Kleinschmidt’s use of “total war” is also problematic. He writes that colonial war simply became total war (p. 118). Yet none of the contemporary writers used that term (p. 137). Moreover, historians’ use of “total war” differs from Kleinschmidt’s. They mean total mobilization of economy and society, not no-holds-barred warfare (though the first might encourage the second). In fact, actual colonial conflicts in the nineteenth and early twentieth century rarely degenerated into total wars – the genocide of the Herero and Nama in German Southwest Africa was unusual. How far colonial armies (or expeditions) went depended largely on circumstance. And even that odious imperial institution, the concentration camp, was designed to separate civilians from “rebels”, not just to make fighting easier, but also partly to protect non-combatants from what is now called “collateral damage.” Colonial wars were more complicated than Kleinschmidt allows. We need to know much more about how colonial conflicts were fought, before we can assess the spectrum of violence actually used or thought proper by military men and by metropolitan governments.

Most of all, it is striking how many contradictions and exceptions crop up in the course of Kleinschmidt’s account. Western states extended state recognition to such different polities as Japan, Siam, Liberia, and Ethiopia (pp. 91–2). Britain’s empire produced many different statuses of subordination besides the protectorate (pp. 95–6). Most remarkable of all are the enormous contradictions in which states became entangled by their use of legal instruments to fashion their intercourse with colonials. Kleinschmidt notes that the imperialist states never outright annulled these treaties, nor did they simply cover their expansion as military conquest (pp. 88–90). Why not? Why were they so intent on clinging to legal fictions?
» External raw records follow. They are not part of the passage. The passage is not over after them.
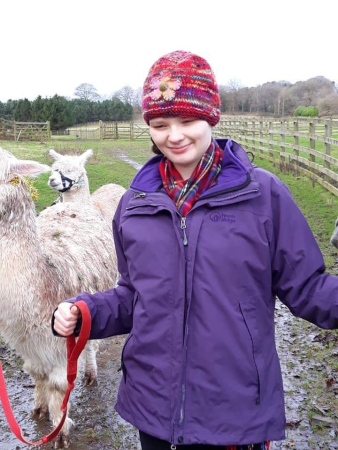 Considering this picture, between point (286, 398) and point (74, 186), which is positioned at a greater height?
point (74, 186)

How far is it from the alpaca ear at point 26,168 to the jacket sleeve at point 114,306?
1262 mm

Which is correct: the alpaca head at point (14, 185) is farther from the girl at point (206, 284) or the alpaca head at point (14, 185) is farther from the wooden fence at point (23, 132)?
the wooden fence at point (23, 132)

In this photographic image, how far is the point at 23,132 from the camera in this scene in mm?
32656

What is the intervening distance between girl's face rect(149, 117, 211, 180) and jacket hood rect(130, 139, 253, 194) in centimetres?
9

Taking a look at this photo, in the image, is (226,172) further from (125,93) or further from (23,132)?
(125,93)

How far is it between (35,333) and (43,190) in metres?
8.99

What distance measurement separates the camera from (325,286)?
1579 millimetres

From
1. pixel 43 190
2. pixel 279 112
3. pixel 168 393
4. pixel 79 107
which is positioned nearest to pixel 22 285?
pixel 168 393

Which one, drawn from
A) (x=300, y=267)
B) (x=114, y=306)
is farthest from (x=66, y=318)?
(x=300, y=267)

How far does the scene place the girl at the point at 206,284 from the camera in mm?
1560

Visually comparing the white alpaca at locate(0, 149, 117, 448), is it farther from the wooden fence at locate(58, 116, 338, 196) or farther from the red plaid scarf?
the wooden fence at locate(58, 116, 338, 196)

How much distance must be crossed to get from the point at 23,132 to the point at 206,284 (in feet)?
108

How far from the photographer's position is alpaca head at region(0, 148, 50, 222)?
2.78m

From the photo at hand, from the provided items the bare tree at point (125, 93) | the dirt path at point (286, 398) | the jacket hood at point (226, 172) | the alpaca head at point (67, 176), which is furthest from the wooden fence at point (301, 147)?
the bare tree at point (125, 93) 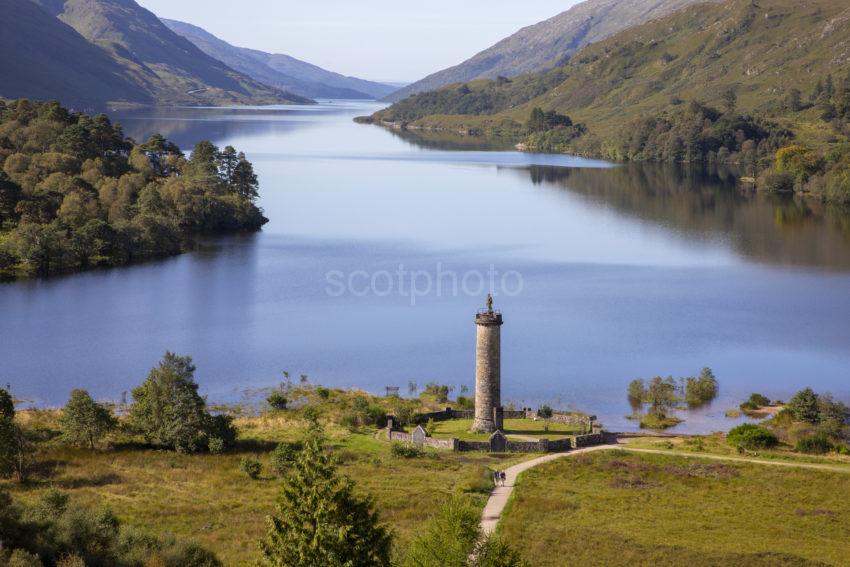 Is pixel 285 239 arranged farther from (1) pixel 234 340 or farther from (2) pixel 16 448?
(2) pixel 16 448

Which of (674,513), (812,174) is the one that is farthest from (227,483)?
(812,174)

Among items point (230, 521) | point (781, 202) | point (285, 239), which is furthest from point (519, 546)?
point (781, 202)

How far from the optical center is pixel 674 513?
40281 mm

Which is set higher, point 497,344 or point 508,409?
point 497,344

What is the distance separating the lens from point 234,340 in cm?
7312

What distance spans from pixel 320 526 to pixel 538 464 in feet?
68.9

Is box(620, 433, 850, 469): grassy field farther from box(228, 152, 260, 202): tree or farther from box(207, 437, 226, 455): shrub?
box(228, 152, 260, 202): tree

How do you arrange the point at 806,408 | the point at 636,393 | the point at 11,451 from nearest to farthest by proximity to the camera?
the point at 11,451, the point at 806,408, the point at 636,393

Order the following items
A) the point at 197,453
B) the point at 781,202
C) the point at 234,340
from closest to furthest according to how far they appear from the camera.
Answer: the point at 197,453, the point at 234,340, the point at 781,202

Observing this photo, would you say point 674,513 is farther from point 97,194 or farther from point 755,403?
point 97,194

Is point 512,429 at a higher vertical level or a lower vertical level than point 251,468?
lower

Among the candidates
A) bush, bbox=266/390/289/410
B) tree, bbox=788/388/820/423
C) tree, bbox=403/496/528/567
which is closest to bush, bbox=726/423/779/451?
tree, bbox=788/388/820/423

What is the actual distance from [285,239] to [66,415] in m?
68.6

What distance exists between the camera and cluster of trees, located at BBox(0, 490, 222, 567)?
28688 millimetres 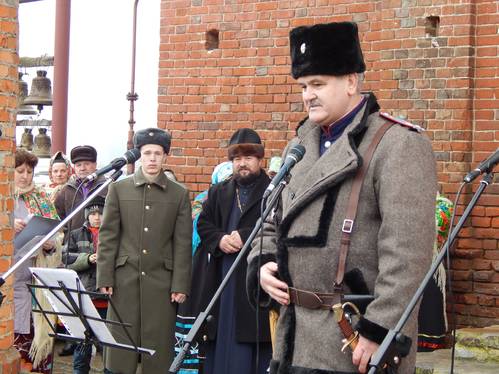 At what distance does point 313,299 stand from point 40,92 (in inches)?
468

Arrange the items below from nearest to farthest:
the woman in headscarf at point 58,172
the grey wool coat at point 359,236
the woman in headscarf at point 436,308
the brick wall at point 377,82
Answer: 1. the grey wool coat at point 359,236
2. the woman in headscarf at point 436,308
3. the brick wall at point 377,82
4. the woman in headscarf at point 58,172

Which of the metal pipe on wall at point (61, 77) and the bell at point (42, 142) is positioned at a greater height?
the metal pipe on wall at point (61, 77)

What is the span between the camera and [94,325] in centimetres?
606

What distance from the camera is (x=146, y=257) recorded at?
7.52 metres

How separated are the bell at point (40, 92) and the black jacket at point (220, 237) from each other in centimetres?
800

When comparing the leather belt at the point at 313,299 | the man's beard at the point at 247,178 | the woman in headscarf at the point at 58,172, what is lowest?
the leather belt at the point at 313,299

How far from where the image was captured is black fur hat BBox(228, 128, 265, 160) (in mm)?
7688

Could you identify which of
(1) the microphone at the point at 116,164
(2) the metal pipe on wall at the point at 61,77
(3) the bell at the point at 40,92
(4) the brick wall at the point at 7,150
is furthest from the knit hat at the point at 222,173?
(3) the bell at the point at 40,92

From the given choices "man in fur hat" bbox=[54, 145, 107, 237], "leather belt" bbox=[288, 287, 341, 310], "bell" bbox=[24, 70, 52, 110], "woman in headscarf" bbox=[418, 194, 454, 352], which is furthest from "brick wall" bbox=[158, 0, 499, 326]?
"bell" bbox=[24, 70, 52, 110]

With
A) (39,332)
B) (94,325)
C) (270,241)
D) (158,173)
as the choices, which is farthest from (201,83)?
(270,241)

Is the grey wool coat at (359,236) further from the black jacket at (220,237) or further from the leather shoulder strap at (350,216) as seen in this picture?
the black jacket at (220,237)

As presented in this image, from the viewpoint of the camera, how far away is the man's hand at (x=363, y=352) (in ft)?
13.0

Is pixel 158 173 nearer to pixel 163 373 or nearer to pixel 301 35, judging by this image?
pixel 163 373

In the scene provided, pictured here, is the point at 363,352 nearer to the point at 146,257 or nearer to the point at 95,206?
A: the point at 146,257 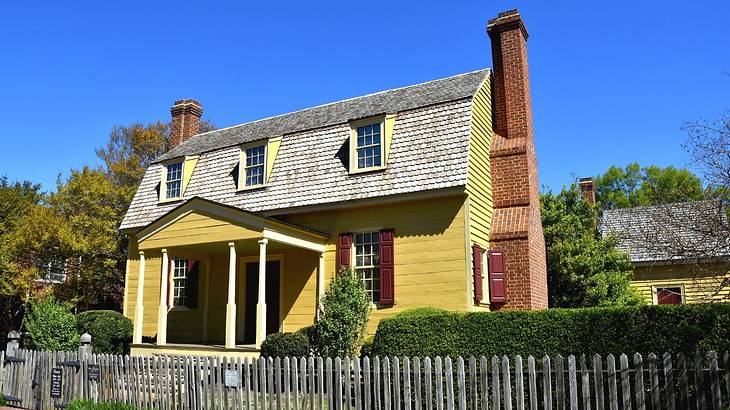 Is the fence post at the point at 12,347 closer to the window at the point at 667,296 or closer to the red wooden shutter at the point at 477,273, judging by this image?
the red wooden shutter at the point at 477,273

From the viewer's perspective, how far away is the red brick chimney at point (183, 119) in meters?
23.8

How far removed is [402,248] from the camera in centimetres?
1477

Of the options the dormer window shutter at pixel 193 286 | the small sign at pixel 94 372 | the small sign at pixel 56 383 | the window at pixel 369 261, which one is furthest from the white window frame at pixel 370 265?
the small sign at pixel 56 383

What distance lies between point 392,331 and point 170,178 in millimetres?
12112

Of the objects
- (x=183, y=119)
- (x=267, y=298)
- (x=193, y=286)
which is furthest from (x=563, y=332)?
(x=183, y=119)

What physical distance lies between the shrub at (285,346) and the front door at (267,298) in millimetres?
3439

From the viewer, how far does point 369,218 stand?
15.4 m

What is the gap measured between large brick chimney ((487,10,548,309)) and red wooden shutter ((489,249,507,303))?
27 cm

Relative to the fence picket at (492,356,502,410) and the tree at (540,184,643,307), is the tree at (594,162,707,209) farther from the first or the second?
the fence picket at (492,356,502,410)

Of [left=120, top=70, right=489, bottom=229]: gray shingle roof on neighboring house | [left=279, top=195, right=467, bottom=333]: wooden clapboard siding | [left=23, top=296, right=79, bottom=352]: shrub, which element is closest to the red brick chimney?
[left=120, top=70, right=489, bottom=229]: gray shingle roof on neighboring house

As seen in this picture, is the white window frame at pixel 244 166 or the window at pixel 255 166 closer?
the white window frame at pixel 244 166

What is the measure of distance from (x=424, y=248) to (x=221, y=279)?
22.8 ft

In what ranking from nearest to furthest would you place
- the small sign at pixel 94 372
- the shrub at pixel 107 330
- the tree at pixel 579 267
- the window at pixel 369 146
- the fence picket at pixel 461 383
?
the fence picket at pixel 461 383 < the small sign at pixel 94 372 < the window at pixel 369 146 < the shrub at pixel 107 330 < the tree at pixel 579 267

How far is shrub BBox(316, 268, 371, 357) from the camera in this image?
1274 cm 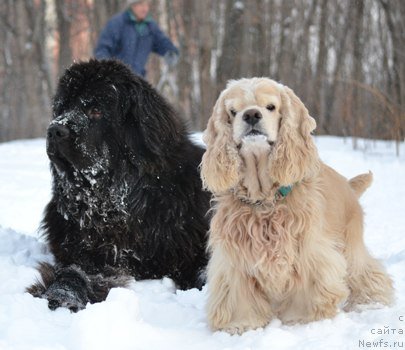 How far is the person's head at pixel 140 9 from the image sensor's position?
9.16 m

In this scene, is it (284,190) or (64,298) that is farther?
(64,298)

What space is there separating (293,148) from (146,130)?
1312mm

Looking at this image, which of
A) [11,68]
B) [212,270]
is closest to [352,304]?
[212,270]

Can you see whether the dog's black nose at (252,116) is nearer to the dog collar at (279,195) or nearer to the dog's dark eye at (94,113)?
the dog collar at (279,195)

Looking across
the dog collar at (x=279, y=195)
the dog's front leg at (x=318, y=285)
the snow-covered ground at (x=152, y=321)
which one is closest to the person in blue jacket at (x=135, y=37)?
the snow-covered ground at (x=152, y=321)

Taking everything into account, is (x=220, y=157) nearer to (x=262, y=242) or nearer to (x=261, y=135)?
(x=261, y=135)

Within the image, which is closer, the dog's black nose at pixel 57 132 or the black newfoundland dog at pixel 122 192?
the dog's black nose at pixel 57 132

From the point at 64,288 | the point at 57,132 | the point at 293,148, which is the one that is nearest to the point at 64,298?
the point at 64,288

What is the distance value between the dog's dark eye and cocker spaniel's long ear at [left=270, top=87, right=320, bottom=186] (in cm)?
137

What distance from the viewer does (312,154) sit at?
354 centimetres

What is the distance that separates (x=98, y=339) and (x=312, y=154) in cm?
153

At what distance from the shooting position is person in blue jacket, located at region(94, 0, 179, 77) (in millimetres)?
9125

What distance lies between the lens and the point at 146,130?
4395mm

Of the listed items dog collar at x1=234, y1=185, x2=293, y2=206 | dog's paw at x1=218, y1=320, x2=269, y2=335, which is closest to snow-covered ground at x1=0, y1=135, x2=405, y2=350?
dog's paw at x1=218, y1=320, x2=269, y2=335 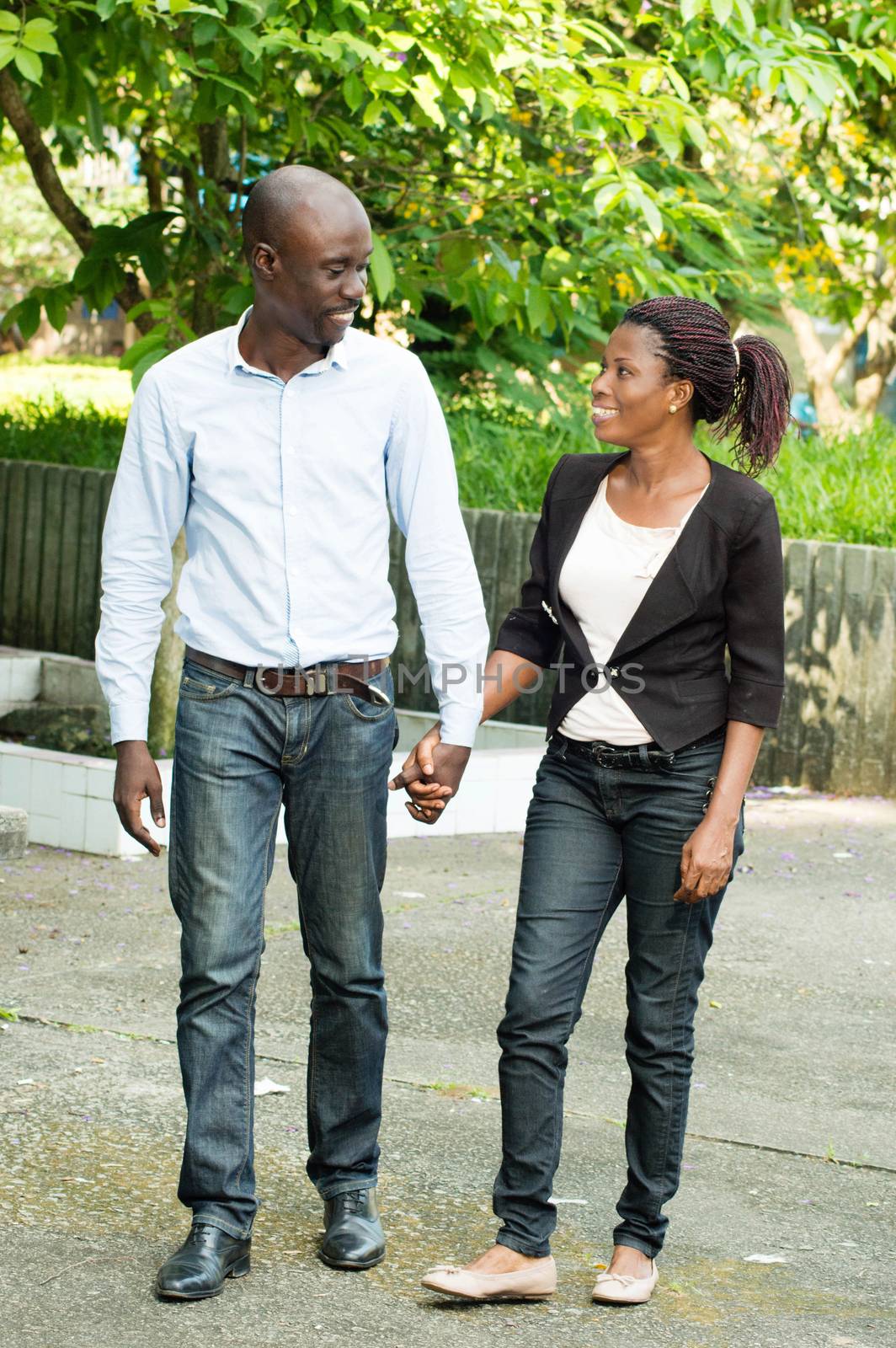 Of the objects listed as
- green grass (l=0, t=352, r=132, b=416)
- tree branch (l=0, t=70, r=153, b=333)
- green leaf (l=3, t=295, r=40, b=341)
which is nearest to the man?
green leaf (l=3, t=295, r=40, b=341)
For in the end, despite his criticism of Lassa Oppenheim, Kleinschmidt actually agrees with Oppenheim’s position that these unequal treaties were figleaves, mere “preparations and precursors of future occupations”1 (p. 104). Kleinschmidt concludes convincingly: “Das Völkerrecht erwies sich, trotz komplizierter Theoriegebäude, ungeeignet als praktisches Instrument zur Legitimierung der Änderung des Rechtsstatus der Kolonialherrschaft unterworfener Staaten. Denn es war konstruiert mit dem Ziel, den Fortbestand von Staaten zu gewährleisten. Die im Zusammenhang mit der Errichtung und Verteidigung von Kolonialherrschaft vorgenommenen Änderungen des Rechtsstatus der der Kolonialherrschaft unterstellten Staaten folgten daher nicht aus der Anwendung von Rechtsnormen, sondern aus den Geboten der Machtpolitik.” (p. 151)

Note:
1 Lassa Oppenheim, International Law: A Treatise, London 1905, Vol. 1, para. 226, p. 281.